Content starts
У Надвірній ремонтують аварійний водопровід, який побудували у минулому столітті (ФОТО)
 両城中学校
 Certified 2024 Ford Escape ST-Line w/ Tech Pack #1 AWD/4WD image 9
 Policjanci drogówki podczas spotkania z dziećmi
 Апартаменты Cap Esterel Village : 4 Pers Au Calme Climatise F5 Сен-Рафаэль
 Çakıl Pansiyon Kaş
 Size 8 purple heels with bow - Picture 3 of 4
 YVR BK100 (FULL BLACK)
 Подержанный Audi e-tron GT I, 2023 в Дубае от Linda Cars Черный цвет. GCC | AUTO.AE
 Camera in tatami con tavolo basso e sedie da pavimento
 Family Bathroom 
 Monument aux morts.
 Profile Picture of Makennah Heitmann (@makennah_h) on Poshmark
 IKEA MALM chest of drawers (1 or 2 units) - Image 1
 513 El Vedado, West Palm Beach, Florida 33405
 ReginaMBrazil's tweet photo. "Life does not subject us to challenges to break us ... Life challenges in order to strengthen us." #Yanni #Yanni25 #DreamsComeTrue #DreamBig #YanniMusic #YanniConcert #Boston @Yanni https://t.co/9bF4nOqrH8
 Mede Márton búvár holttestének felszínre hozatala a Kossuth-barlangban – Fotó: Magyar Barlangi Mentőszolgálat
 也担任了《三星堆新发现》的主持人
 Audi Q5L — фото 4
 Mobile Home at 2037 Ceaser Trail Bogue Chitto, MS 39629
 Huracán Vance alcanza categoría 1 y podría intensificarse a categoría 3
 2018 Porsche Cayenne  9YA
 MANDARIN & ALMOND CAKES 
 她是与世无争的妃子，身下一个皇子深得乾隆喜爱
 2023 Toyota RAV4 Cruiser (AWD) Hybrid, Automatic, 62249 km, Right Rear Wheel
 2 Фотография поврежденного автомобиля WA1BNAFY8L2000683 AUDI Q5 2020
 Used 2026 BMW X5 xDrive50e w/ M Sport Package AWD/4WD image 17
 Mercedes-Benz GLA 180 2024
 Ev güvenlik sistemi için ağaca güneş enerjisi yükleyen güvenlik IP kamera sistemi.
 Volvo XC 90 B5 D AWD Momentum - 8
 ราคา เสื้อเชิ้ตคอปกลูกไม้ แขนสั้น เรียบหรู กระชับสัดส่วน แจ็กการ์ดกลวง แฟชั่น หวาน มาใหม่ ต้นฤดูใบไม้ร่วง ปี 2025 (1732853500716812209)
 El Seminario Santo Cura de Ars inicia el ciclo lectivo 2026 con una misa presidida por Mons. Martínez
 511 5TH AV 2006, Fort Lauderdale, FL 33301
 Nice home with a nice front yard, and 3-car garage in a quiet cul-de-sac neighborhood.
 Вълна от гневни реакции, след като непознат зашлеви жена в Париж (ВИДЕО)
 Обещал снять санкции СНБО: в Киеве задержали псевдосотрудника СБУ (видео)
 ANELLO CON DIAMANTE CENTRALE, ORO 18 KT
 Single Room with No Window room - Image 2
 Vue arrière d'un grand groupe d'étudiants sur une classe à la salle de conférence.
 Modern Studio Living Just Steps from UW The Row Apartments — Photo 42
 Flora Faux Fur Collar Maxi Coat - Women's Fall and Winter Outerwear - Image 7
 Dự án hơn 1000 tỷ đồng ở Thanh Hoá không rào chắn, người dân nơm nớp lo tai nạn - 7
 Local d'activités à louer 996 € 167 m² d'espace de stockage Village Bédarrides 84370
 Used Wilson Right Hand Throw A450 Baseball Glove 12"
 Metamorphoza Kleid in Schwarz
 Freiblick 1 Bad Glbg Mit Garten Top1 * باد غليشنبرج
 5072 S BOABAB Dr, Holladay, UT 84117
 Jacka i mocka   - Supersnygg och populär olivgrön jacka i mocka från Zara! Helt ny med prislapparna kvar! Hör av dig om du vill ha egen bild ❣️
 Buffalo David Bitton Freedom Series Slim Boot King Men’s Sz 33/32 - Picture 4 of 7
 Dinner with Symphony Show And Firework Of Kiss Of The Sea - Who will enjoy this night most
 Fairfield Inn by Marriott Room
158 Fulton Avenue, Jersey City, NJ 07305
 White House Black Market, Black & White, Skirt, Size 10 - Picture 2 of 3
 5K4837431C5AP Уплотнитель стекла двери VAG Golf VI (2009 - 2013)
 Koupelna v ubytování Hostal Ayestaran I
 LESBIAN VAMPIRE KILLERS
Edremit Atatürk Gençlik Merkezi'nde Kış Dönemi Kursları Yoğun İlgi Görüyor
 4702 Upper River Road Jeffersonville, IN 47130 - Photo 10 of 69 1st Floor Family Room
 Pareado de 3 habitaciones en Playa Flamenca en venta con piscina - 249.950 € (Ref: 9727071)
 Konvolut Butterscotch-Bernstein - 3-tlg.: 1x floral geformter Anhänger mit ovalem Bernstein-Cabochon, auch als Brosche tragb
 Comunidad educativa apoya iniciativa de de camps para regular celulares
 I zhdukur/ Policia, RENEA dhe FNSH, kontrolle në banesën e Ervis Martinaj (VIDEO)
Content ends
• Description of the task
Go through the data above from its first line and copy each line exactly, stopping once the line with "513 El Vedado, West" has been copied.

• Answer to this problem
У Надвірній ремонтують аварійний водопровід, який побудували у минулому столітті (ФОТО)
 両城中学校
 Certified 2024 Ford Escape ST-Line w/ Tech Pack #1 AWD/4WD image 9
 Policjanci drogówki podczas spotkania z dziećmi
 Апартаменты Cap Esterel Village : 4 Pers Au Calme Climatise F5 Сен-Рафаэль
 Çakıl Pansiyon Kaş
 Size 8 purple heels with bow - Picture 3 of 4
 YVR BK100 (FULL BLACK)
 Подержанный Audi e-tron GT I, 2023 в Дубае от Linda Cars Черный цвет. GCC | AUTO.AE
 Camera in tatami con tavolo basso e sedie da pavimento
 Family Bathroom 
 Monument aux morts.
 Profile Picture of Makennah Heitmann (@makennah_h) on Poshmark
 IKEA MALM chest of drawers (1 or 2 units) - Image 1
 513 El Vedado, West Palm Beach, Florida 33405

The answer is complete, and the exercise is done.